Sir Robin was not a young man who paid compliments easily. When he did pay one it had always an air of sincerity. Mrs. Morres looked pleased. She was very fond of Robin Drummond.

When he and Mary met at the door a few hours later he made a jest about their dining together again so soon, and they laughed about it—to be sure, that dinner at the restaurant was a secret, something that did not belong to the conventional life. There was the air of a little understanding between them when they presented themselves to Mrs. Morres in the book-room which she used for all purposes of a sitting-room during her flying visit to town. It was a pleasant room, with book-cases all round it filled with green glass in a lattice of brass-work. The books were hidden by the glass, but it reflected every movement of a bird or a twig or a cloud outside like green waters. The ceiling was domed like a sky and painted in sunny Italian scenery. It was not dull in the book-room on the dullest day.

"Did you come together?" Mrs. Morres asked curiously.

"I swear we did not," Sir Robin replied, with mock intensity. "I came from the east, Miss Gray from the west. We met on your doorstep."

"You looked as if you were enjoying a joke when you came in."
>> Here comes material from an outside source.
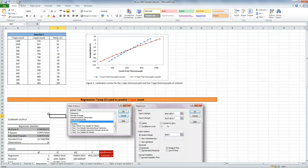Let's look at how we can use Excel to run a regression. We're going to do the regression using the temperature to predict the T-type counter.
"There was time for one between the ringing of the bell and the opening of the door."

"Ah, you see, the people downstairs are very old."

Mary allowed herself to be persuaded to the country expedition next day. The spring had been calling to her, calling to her to come out of London to the fields. More, she consented to go to Hazels on the Saturday. The spring had disturbed her with a delicious disturbance. It was no use trying to be dry-as-dust since the spring had got into her blood. The book must wait till she came back.

On Thursday the exodus from town had not yet begun. They left soon after breakfast. As Mary hurried from her Kensington flat to Paddington Station she met the church-goers with their prayer-books in their hands. It was Holy Thursday, to be sure—a day for solemn thought and thanksgiving. She hoped hers would not be less acceptable because it was made in the quietness of the fields.

It was an exquisite day of April—true Holy Week weather, with white clouds, like lambs straying in the blue pastures of the sky, shepherded by the south-west wind. The almond trees were in bloom. They had begun to drop their blossoms on the pavements, making a dust of roses in London streets. As they went down from Paddington the river-side orchards and gardens were starred with the blossom of pear and plum. Everywhere the birds were singing jocundly. The promise of spring a few days earlier had been nobly fulfilled.